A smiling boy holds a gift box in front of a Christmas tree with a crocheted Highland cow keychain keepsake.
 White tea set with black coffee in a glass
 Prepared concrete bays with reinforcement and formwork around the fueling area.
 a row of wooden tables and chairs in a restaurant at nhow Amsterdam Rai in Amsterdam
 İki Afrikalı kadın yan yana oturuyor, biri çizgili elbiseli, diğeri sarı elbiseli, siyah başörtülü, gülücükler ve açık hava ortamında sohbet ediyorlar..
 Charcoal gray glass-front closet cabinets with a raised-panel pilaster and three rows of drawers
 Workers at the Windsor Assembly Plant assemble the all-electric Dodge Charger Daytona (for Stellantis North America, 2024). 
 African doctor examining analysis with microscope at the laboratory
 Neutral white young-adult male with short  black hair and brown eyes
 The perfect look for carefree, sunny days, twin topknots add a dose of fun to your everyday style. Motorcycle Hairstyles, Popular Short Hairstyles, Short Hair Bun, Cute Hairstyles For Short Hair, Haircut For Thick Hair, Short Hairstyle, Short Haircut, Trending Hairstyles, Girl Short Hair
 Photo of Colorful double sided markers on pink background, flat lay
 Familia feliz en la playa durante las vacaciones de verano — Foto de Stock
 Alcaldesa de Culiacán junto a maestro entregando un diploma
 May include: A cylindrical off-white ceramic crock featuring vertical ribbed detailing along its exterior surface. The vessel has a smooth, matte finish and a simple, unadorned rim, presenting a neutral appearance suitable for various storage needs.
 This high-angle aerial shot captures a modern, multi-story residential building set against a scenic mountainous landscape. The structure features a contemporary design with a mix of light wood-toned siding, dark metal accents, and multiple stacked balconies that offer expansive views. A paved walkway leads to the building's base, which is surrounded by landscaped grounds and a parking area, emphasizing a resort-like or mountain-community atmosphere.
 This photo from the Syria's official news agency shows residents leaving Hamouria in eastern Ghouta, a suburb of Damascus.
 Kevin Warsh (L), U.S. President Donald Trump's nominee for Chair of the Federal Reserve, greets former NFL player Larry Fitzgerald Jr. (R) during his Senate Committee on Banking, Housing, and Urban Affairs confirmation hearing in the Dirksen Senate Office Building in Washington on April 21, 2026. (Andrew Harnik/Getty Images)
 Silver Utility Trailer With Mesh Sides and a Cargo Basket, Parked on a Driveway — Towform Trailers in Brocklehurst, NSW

# Work item
Please copy out each line in the entries that mentions the string "This".

# Response box
 This high-angle aerial shot captures a modern, multi-story residential building set against a scenic mountainous landscape. The structure features a contemporary design with a mix of light wood-toned siding, dark metal accents, and multiple stacked balconies that offer expansive views. A paved walkway leads to the building's base, which is surrounded by landscaped grounds and a parking area, emphasizing a resort-like or mountain-community atmosphere.
 This photo from the Syria's official news agency shows residents leaving Hamouria in eastern Ghouta, a suburb of Damascus.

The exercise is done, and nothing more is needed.